* [Raw data]:
::::
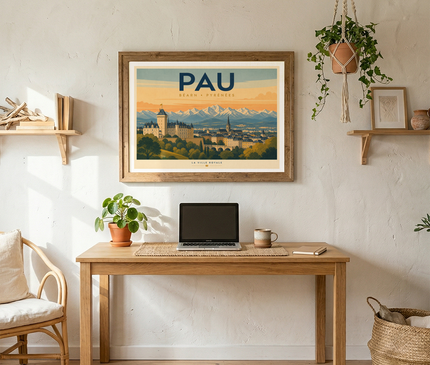 affiches pau affiche horizon pyrénées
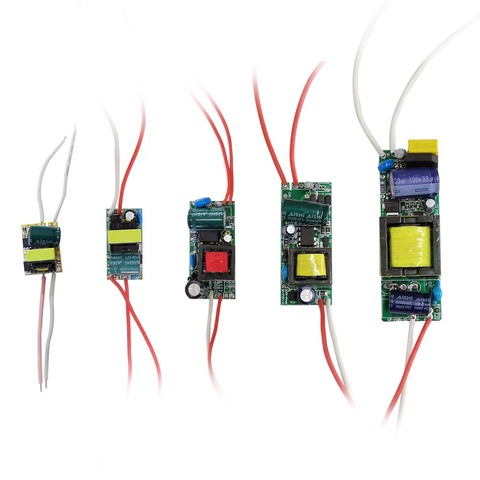 Unité d'alimentation à courant Constant, pilote de LED, transformateur AC85-265V ma 110V 220V à DC 12V 24V 1W 3W 5W 10W 18W 20W 25W 36W ► Photo 1/6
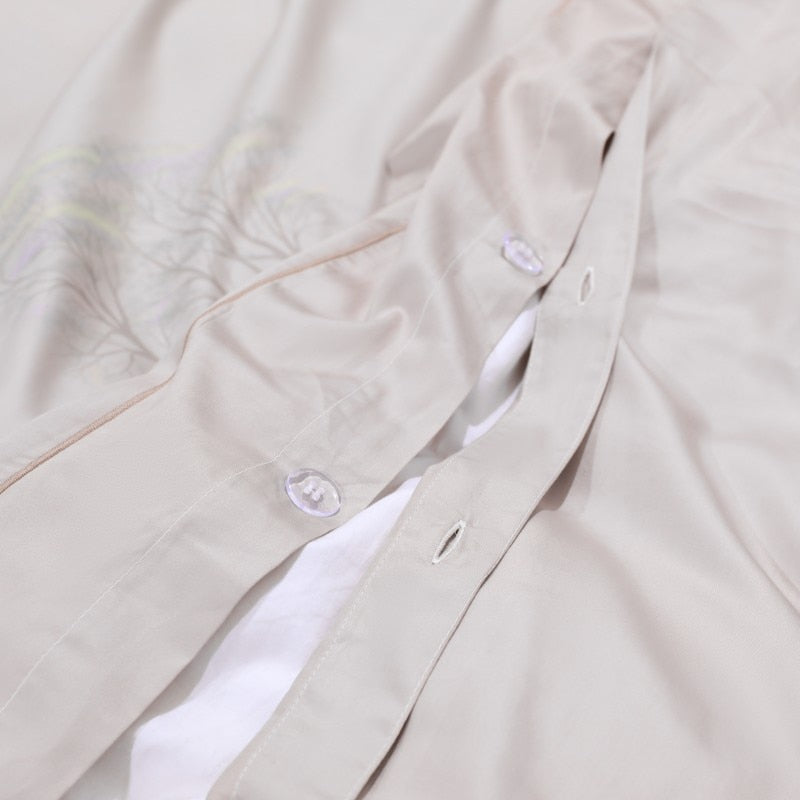 Gianna Birds and Flowers Egyptian Cotton Bedding Set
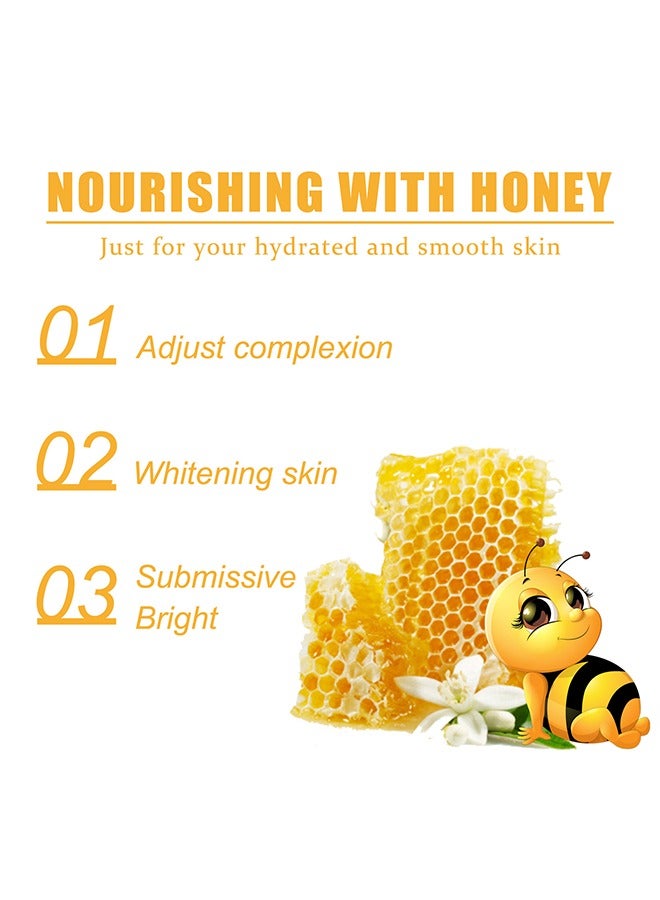 Honey Muscle Tearing Mask-Oil Control Blackhead Remover Honey Tearing Peel Mask Off Dead Skin Clean Pores ,Skin Brightening Peeling Mask for Dull Skin-100g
::::
* [Prompt]:
From the first line to the last, copy the listing above exactly, dropping all images.

* [Response box]:
 affiches pau affiche horizon pyrénées
 Unité d'alimentation à courant Constant, pilote de LED, transformateur AC85-265V ma 110V 220V à DC 12V 24V 1W 3W 5W 10W 18W 20W 25W 36W ► Photo 1/6
 Gianna Birds and Flowers Egyptian Cotton Bedding Set
 Honey Muscle Tearing Mask-Oil Control Blackhead Remover Honey Tearing Peel Mask Off Dead Skin Clean Pores ,Skin Brightening Peeling Mask for Dull Skin-100g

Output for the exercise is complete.